All these structures are linked to the medial thalamus, whereas the lateral thalamus is linked to the somatosensory cortex (pain localization). One example of limbic system activation is the hypervigilance that accompanies many chronic pain states, including fibromyalgia.
The emotional component of pain is multifactorial and includes past experiences, genetic factors, generals state of health, the presence of depression and other psychological diagnosis, coping mechanisms, and beliefs and fears surrounding the pain diagnosis. Importantly, thoughts as well as other sensations can influence the sensory pain input to consciousness as well as the emotional coloring of the pain sensation.

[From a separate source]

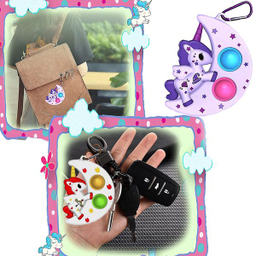 فیجت ضد استرس دنیای سرگرمی های کمیاب مدل پاپیت یونی کورن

The term given for this modulation of pain impulses is the “gate control theory of pain.”
Thus thoughts (beliefs, fears, depression, anxiety, anger, helplessness, etc.), as well as peripherally generated sensations, can both dampen or amplify pain. Indeed, in many chronic pain conditions (that lack any effective therapy for the sensory/pain component), a reduction of pain and the resulting suffering can only be affected by modulating the psychological aspects of pain. As the psychological contribution to pain varies enormously from patient to patient, this approach has to be individualized. However, there are some general principles that are worth noting.

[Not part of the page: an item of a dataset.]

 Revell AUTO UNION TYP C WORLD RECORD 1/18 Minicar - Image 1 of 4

There are important consequences of having pain that will not go away (as is the expected experience for most pain in most people). The unsettling realization that the problem may well be life-long generates a varied mix of emotions and behaviors that are often counterproductive to coping with a chronic problem. Many of these changes (which are partly reflex in origin) would be appropriate for dealing with acute self-healing pain events, but become a liability when dealing with chronic pain. The end result of chronic pain is often depressive illness, marital discord, vocational difficulties, chemical dependency, social withdrawal, sleep disorders, increasing fatigue, inappropriate beliefs, and a radical alteration in their previous personality.
Varying degrees of functional disability are a common accompaniment of chronic pain states. The reasons for dysfunction are multiple and vary from individual to individual. Pain often monopolizes attention (causing lack of focus on the task at hand). It is usually associated with poor sleep (causing emotional fatigue). Movements may aggravate pain (causing a reluctance to engage in activity). Fear of activity often leads to deconditioning (which predisposes to muscle and tendon injuries and reduced stamina).
Pain causes stress, which may result in anxiety, depression, and inappropriate behavior (causing disability due to secondary psychological distress). The modern era of psychological imaging is providing an important new framework for understanding these “emotional” responses.